So the Bantu. tribes of Northern Rhodesia acknowledge a supreme deity, Leza, whose power is manifested in the storm, in the torrential rain clouds, in the roar of thunder and the flash of lightning, but to whom there is no direct access by prayer or by sacrifice. The gods, then, whom these tribes worship are sharply divided into two classes, the spirits of departed chiefs, who are publicly venerated by the whole tribe, and the spirits of relations who are privately honoured by a family, whose head performs the sacerdotal functions upon these occasions. "Among the Awemba there is no special shrine for these purely family spirits, who are worshipped inside the hut, and to whom family sacrifices of a sheep, a goat, or a fowl is made, the spirit receiving the blood spilt upon the ground, while all the members of the family partake of the flesh together. For a religious Wemba man the cult of the spirit of his nearest relations (of his grandparents, or of his deceased father, mother, elder brother or maternal uncle) is considered quite sufficient. Out of these spirit relatives a man will worship one whom he considers as a special familiar, for various reasons. For instance, the diviner may have told him that his last illness was caused because he had not respected the spirit of his uncle; accordingly he will be careful in the future to adopt his uncle as his tutelary spirit. As a mark of such respect he may devote a cow or a goat to one of the spirits of his ancestors."[8] This custom is very significant, and two points should be especially noted. The first is that the deceased, or the spirit of the deceased, is not merely propitiated by, but partakes of, blood, which is spilt for his benefit. Secondly, the deceased, if not duly honoured, can cause illness, and therefore is capable of exercising a certain vengeful or malevolent power. The essential conception that underlies these customs is not so very far removed from the tradition of a vampire who craves to suck blood and causes sickness through his malignancy.

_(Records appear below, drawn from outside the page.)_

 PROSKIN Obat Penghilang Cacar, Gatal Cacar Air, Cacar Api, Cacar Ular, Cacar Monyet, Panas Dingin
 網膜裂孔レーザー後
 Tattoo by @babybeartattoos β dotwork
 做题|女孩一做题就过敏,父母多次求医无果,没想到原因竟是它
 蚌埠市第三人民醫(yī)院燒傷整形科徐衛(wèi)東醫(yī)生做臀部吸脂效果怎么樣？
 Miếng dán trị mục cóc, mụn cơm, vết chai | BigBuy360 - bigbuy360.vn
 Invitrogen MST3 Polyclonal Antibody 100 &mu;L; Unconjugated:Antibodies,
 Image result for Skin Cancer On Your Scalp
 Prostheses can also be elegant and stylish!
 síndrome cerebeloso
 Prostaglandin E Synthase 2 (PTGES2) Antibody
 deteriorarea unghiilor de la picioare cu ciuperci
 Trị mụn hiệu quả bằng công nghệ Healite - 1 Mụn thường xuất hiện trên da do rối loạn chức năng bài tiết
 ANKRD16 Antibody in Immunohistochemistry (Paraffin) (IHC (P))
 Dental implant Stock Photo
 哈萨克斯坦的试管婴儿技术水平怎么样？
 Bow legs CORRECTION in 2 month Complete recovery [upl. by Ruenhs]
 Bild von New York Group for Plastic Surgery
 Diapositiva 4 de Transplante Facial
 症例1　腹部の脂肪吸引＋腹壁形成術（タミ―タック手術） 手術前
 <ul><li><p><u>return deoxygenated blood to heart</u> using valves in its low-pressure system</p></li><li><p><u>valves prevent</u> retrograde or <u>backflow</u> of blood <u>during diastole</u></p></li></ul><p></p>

Very similar ideas prevail among the Herero, a Bantu tribe of German South-West Africa, who believe that Ndjambi {p. 11} Karunga, the great good god who dwells in heaven above is far too remote to be accessible, wherefore he neither receives nor requires worship and offerings. "It is their ancestors (Ovakuru) whom they must fear; it is they who are angry and can bring danger and misfortune on a man . . . it is in order to win and keep their favour, to avert their displeasure and wrath, in short to propitiate them, that the Herero bring their many offerings; they do so not out of gratitude, but out of fear, not out of love, but out of terror."[9] The Rev. G. Viehe, a missionary among the tribe writes: "The religious customs and ceremonies of the Ovaherero are all rooted in the presumption that the deceased continue to live, and that they have a great influence on earth, and exercise power over the life and death of man."[10]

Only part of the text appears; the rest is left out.